Problem requirements:
The reply must consist of the complete listing, reproduced exactly, with no images included.

Provided data:
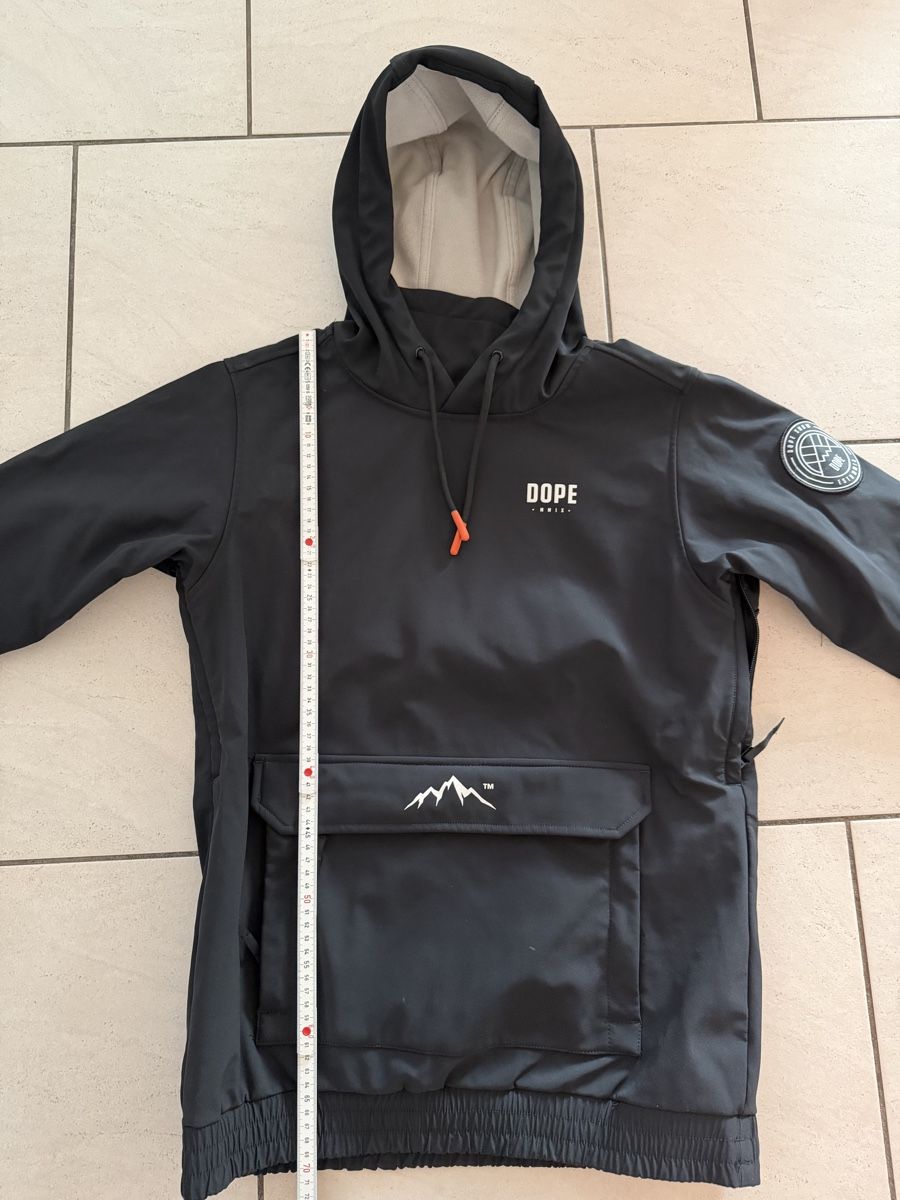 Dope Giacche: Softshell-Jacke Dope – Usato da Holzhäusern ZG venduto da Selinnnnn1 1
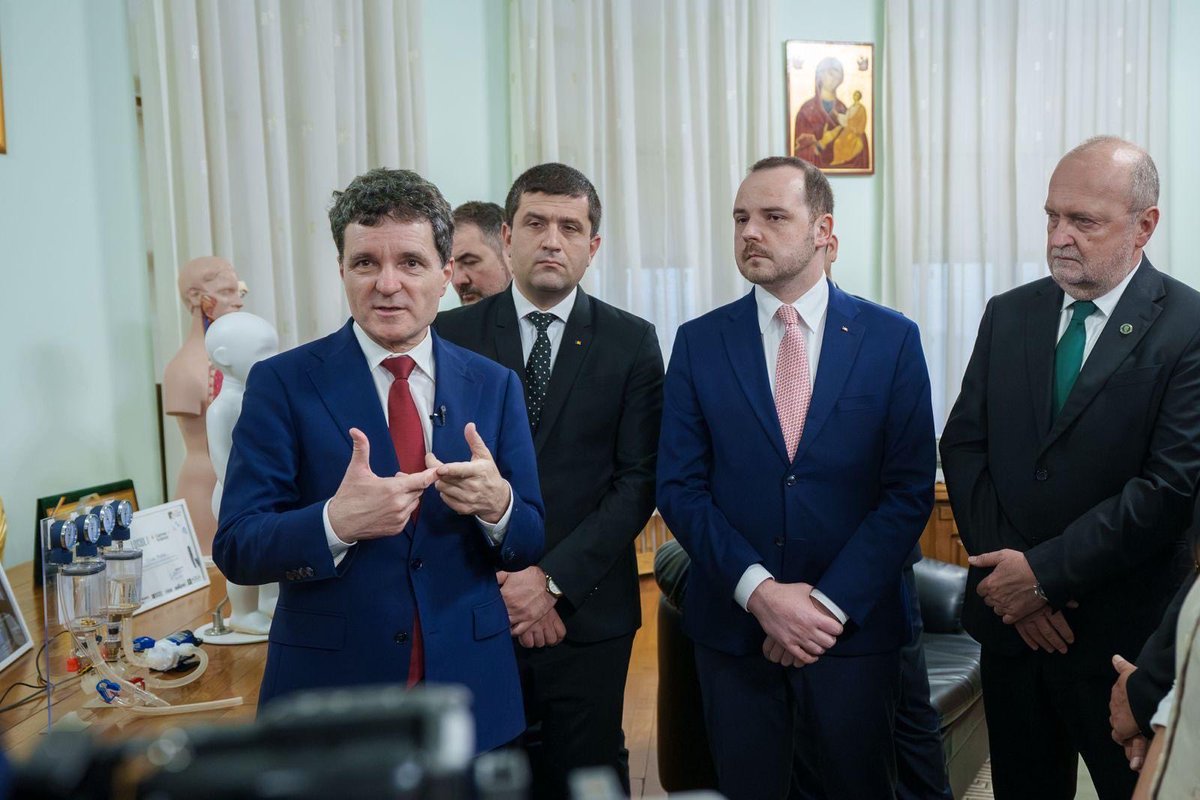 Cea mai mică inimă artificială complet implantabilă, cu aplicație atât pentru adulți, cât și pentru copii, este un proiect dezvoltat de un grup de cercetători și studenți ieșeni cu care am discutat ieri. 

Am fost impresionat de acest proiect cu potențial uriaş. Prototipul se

Answer space:
 Dope Giacche: Softshell-Jacke Dope – Usato da Holzhäusern ZG venduto da Selinnnnn1 1
 Cea mai mică inimă artificială complet implantabilă, cu aplicație atât pentru adulți, cât și pentru copii, este un proiect dezvoltat de un grup de cercetători și studenți ieșeni cu care am discutat ieri. 

Am fost impresionat de acest proiect cu potențial uriaş. Prototipul se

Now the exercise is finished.